Hidroponik dan Aquaponik Tingkatkan Ekonomi Masyarakat Kota
Sekretaris Jenderal Yayasan Korindo Seo Jeong Sik (kiri) saat meninjau instalasi hidroponik di Kelurahan Pengadegan, Jakarta Selatan. Foto: Korindo

jpnn.com, JAKARTA - Pertanian kota yang digagas Yayasan Korindo bersama Kelompok Tani (Poktan) Arpati di Pangadegan, Pancoran, Jakarta Selatan, telah membuahkan hasil.

Sebanyak lima kilogram pokcay dan kangkung serta beberapa ekor lele sudah dipanen pada Selasa (11/5).

Sebagian hasil panen dijual langsung ke masyarakat sekitar, sisanya dinikmati bersama pada acara silaturahmi saat Lebaran.

Pengembangan pertanian kota di Jakarta bukanlah program baru bagi Korindo.
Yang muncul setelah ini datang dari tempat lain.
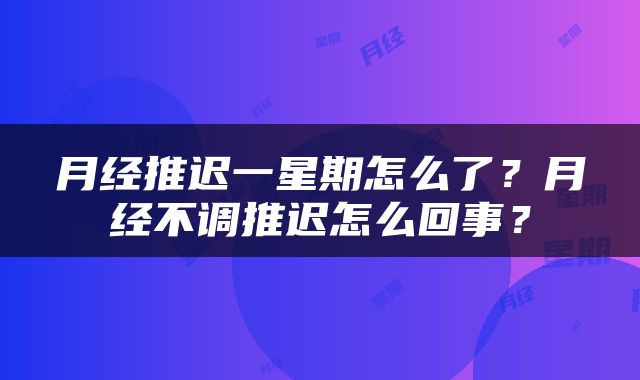 月经推迟一星期怎么了？月经不调推迟怎么回事？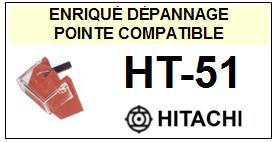 HITACHI-HT51  HT-51-POINTES-DE-LECTURE-DIAMANTS-SAPHIRS-COMPATIBLES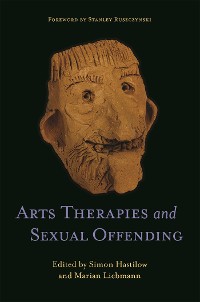 Cover Arts Therapies and Sexual Offending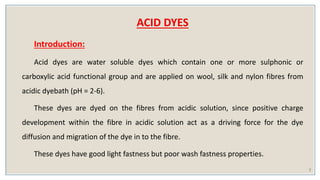 Aciddyes Acid Dyes: Introduction, classification with example and application.pdf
Sebelumnya, sudah ada Kampung Hidroponik di gang sempit yang juga terletak di Kelurahan Pengadegan.

Dalam program terbarunya ini, Korindo berupaya merambah ke daerah pinggiran Sungai Ciliwung, tepatnya di RT 08/001 Pengadegan.

Tidak hanya hidroponik, program Corporate Social Contribution (CSC) Korindo juga menerapkan sistem aquaponik, sistem pertanian yang mengolaborasikan hidroponik dengan akuakultur.

Instalasi hidroponik dan aquaponik Korindo dan Poktan Arpati yang dibangun pada Maret 2021, memiliki kapasitas 200 lubang tanam dan 1.000 ikan air tawar.

Tetapi, pada masa panen perdana ini, baru sebagian kapasitas yang sudah membuahkan hasil. Sedangkan, sisanya diprediksi baru dapat dipanen pada beberapa pekan mendatang.

Tak hanya hidroponik, sistem pertanian aquaponik juga bisa dikembangkan di Jakarta.